Sacramento County (Calif.) is overhauling the investment option lineup for its $877 million 457(b) plan and $16 million 401(a) plan, pending final contract negotiations, according to a brochure on the plans' website.
The plan is changing its investment options to create a more "simplified" lineup to "enhance the financial well-being of participants," the brochure said.
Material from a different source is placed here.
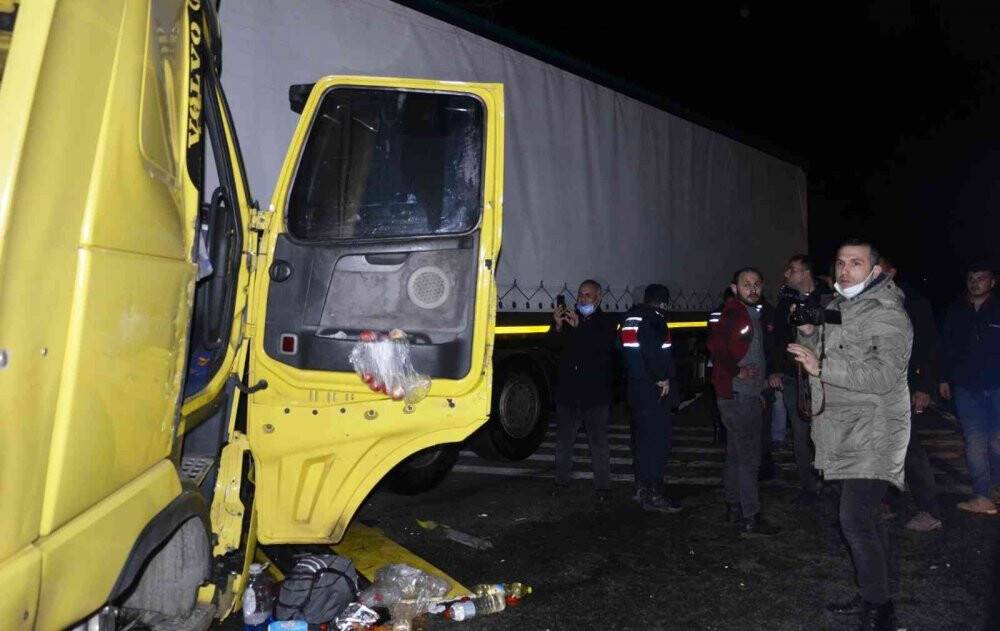 Samsun’da 3 tırın karıştığı zincirleme kaza: 1 yaralı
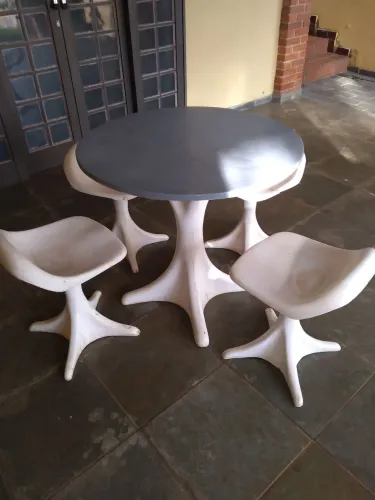 Mesa em fibra de vidro com 4 banquetas.80cm de diâmetro x 75cm de altura. Vintage.Anos 80.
The changes are effective Jan. 16. The county is changing to a target-date fund lineup managed by Vanguard Group from one managed by Fidelity Investments and creating a new core lineup of 11 investment options, all new to the plan except for Fidelity Contrafund, an active domestic large-cap equity fund.
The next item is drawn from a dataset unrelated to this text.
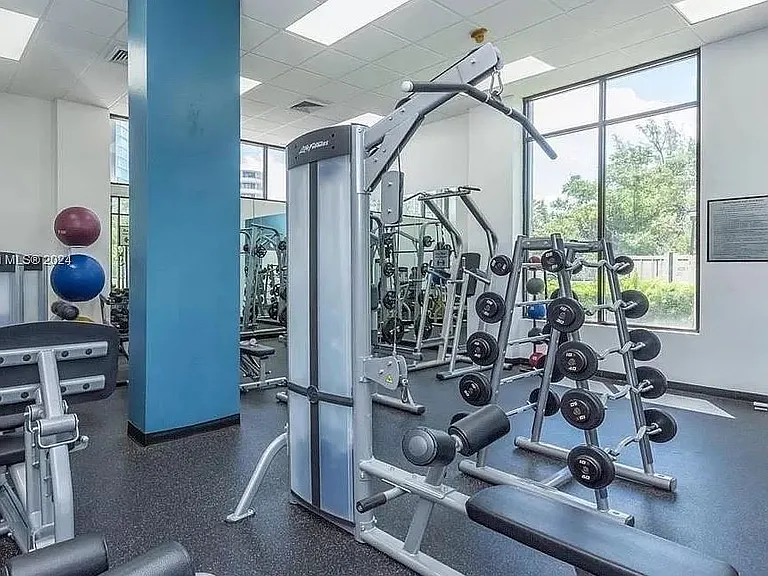 100 Bayview Dr #1825 — Photo 5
The lineup will consist of a money market fund and active domestic large-cap growth equity fund managed by Fidelity Investments, a stable value fund managed by Wells Capital Management, an active domestic large-cap value equity fund and active domestic small-cap blend equity fund managed by J.P. Morgan Asset Management; an active international equity fund managed by Oakmark International; an active domestic large-cap blend equity fund managed by Parnassus Investments; a passive domestic large-cap blend equity fund, passive domestic intermediate-term fixed-income fund, passive domestic midcap equity fund and passive international equity fund managed by Vanguard.
The plan is removing 10 various funds managed by Fidelity, two funds managed by Vanguard, and an active domestic small-cap value equity fund managed by Allianz Global Investors, an active domestic large-cap blend equity fund managed by Capital Group, an active domestic midcap growth equity fund managed by Columbia Threadneedle Investments, an active domestic intermediate-term fixed-income fund managed by Metropolitan West Asset Management, an active domestic large-cap value equity fund managed by MFS Investment Management and an active domestic large-cap growth equity socially responsible fund managed by Neuberger Berman.
Participants in the options being removed will automatically be mapped to their corresponding target-date funds.
Fidelity Investments, the bundled provider, was rehired in September following an RFP process the county began in March because the size of the plan had increased so much since Fidelity was originally hired, a county procurement official said in March.
Bernard Santo Domingo, chief investment officer, could not be immediately reached to provide further information.